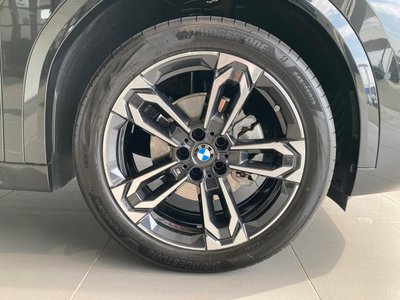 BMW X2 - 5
* * *
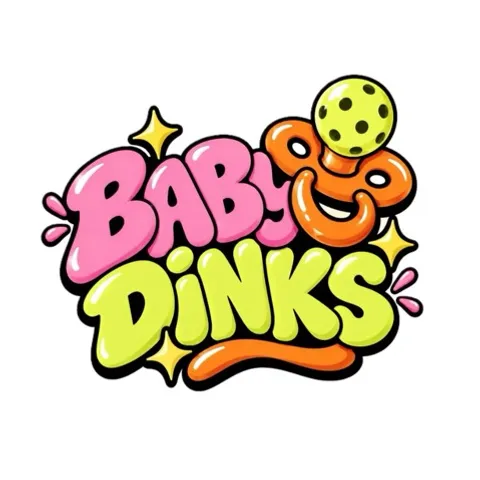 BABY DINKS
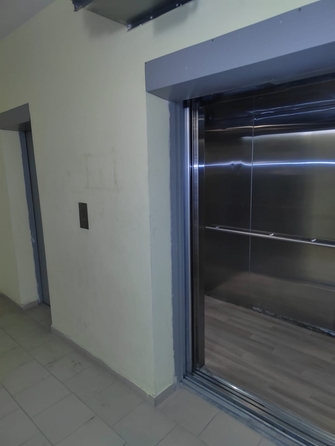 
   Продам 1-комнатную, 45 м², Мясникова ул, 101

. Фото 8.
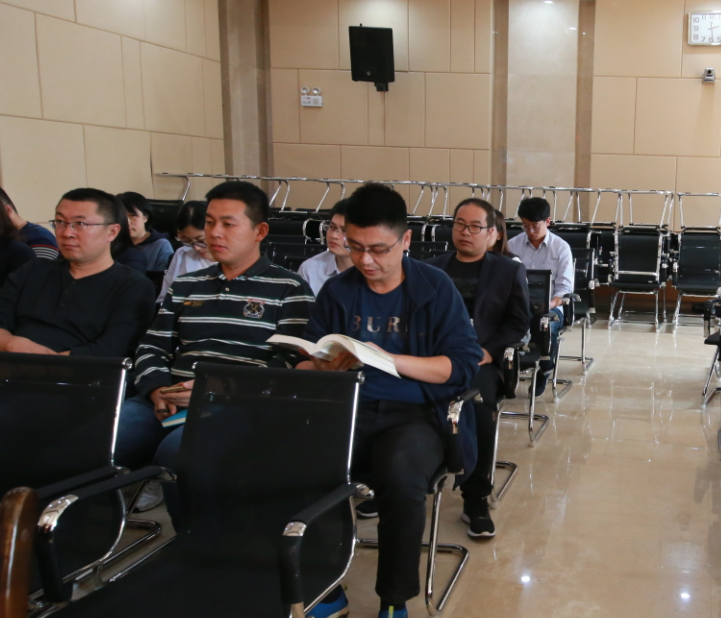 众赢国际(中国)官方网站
==
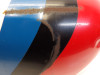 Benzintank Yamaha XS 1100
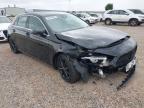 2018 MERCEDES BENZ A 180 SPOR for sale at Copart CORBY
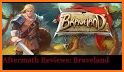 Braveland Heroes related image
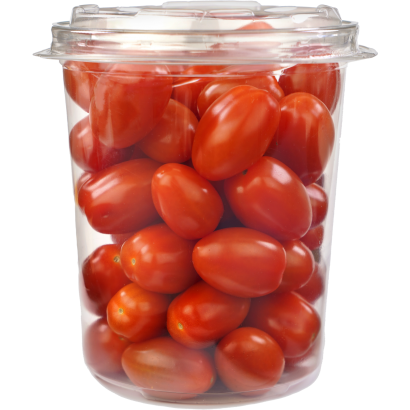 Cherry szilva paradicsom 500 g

WORK ORDER: Copy word for word the lines of the records above from the one with "Braveland Heroes related image" up to and including the one with "Cherry szilva paradicsom 500 g". Skip the pictures.

RESPONSE TO THE TASK:
 Braveland Heroes related image
 Cherry szilva paradicsom 500 g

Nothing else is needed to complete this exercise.